Task prompt » All of the data should be output character for character, except the pictures.

Provided material »
-- -- --
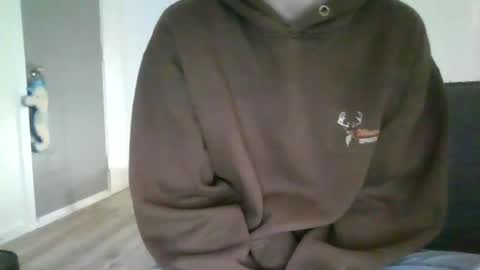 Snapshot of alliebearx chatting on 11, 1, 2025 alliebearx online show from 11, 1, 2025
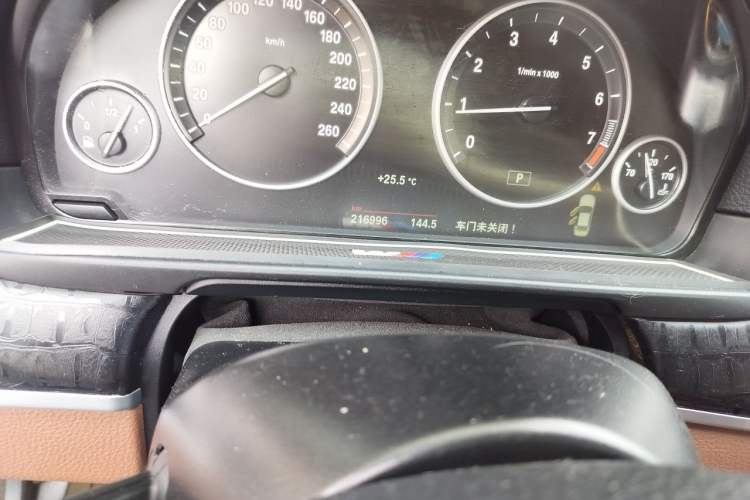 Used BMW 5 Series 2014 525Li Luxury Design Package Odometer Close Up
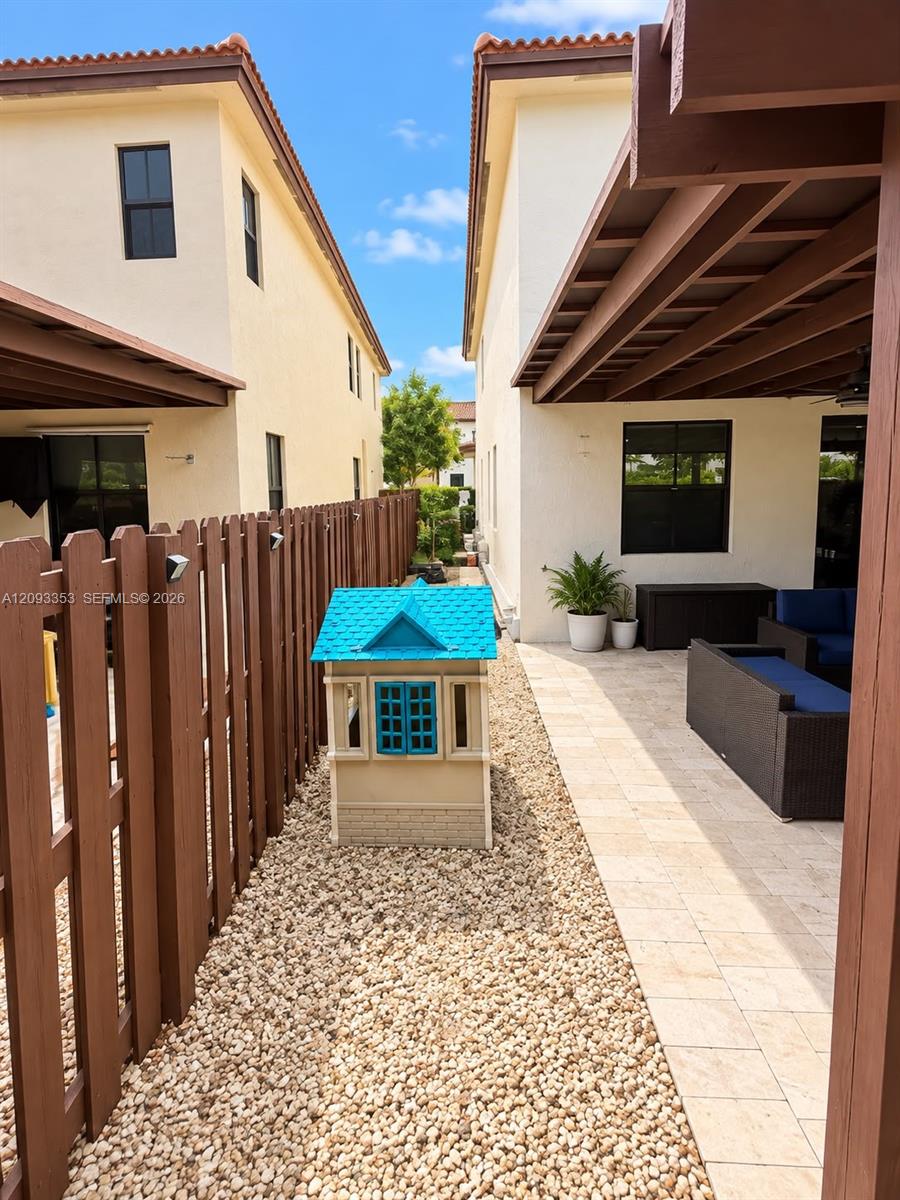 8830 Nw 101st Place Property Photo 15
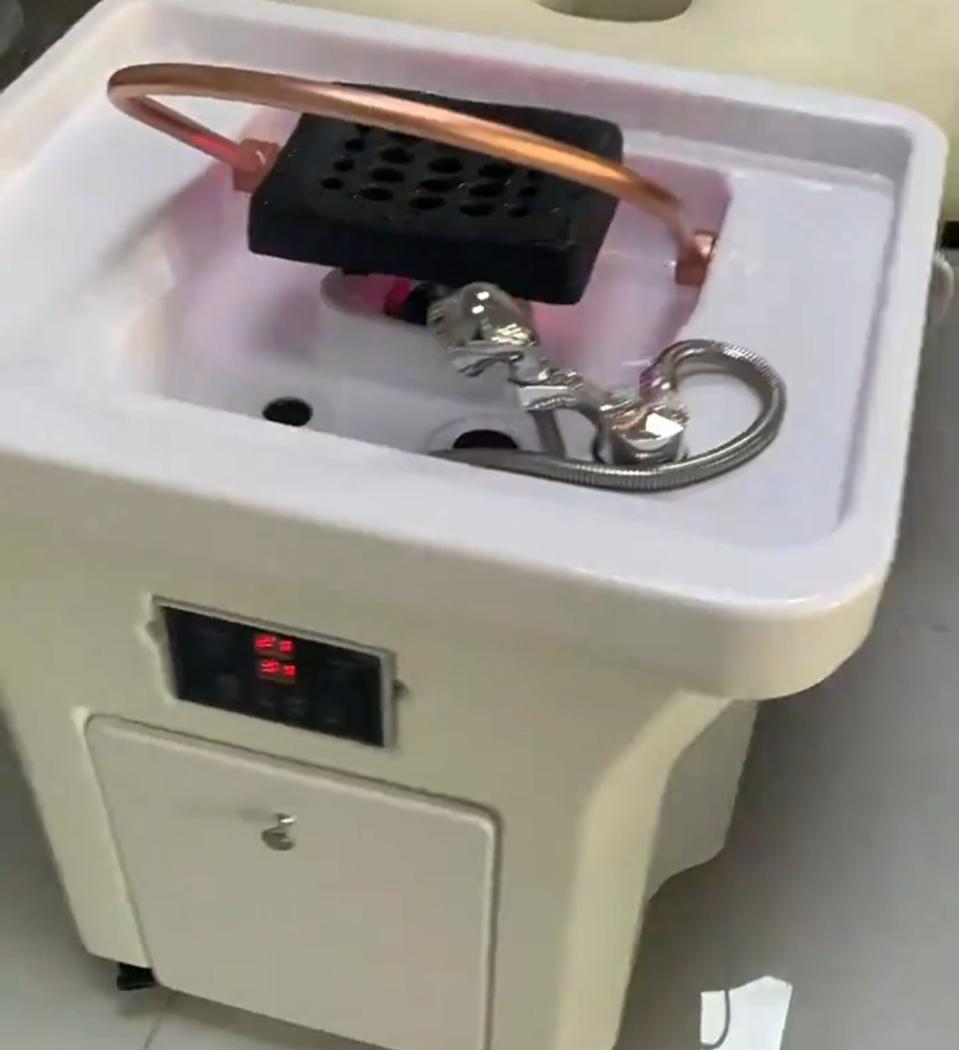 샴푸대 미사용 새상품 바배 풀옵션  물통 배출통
-- -- --
Solution for this problem »
 Snapshot of alliebearx chatting on 11, 1, 2025 alliebearx online show from 11, 1, 2025
 Used BMW 5 Series 2014 525Li Luxury Design Package Odometer Close Up
 8830 Nw 101st Place Property Photo 15
 샴푸대 미사용 새상품 바배 풀옵션  물통 배출통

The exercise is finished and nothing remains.